ANTI_DISTILLATION_CC
This is Anthropic's anti-distillation defence baked into Claude Code. When enabled, it injects anti_distillation: ['fake_tools'] into every API request, which causes the server to silently slip decoy tool definitions into the model's system prompt. The goal: if someone is scraping Claude Code's API traffic to train a competing model, the poisoned training data makes that distillation attempt less useful.It looks like it worked, fwiw.
The qwen 27b model distilled on Opus 4.6 has some known issues with tool use specifically: https://x.com/KyleHessling1/status/2038695344339611783
Fascinating.
I was thinking just yesterday that the research that Anthropic was sharing regarding how it's easy to poison training was unlikely to be conducted out of goodness of the heart.
I like these guys less every day. The rate limits are so low they are close to not even useful as a provider.

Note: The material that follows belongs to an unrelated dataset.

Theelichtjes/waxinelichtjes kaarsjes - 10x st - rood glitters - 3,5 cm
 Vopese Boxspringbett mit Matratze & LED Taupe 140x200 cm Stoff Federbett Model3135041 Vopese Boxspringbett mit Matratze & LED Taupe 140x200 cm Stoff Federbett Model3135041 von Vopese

Haven’t looked at the code, but is the server providing the client with a system prompt that it can use, which would contain fake tool definitions when this is enabled? What enables it? And why is the client still functional when it’s giving the server back a system prompt with fake tool definitions? Is the LLM trained to ignore those definitions?
Wonder if they’re also poisoning Sonnet or Opus directly generating simulated agentic conversations.
Why would this be in the client code though?
Paranoia. And also ironic considering their base LLM is a distillation of the web and books etc etc.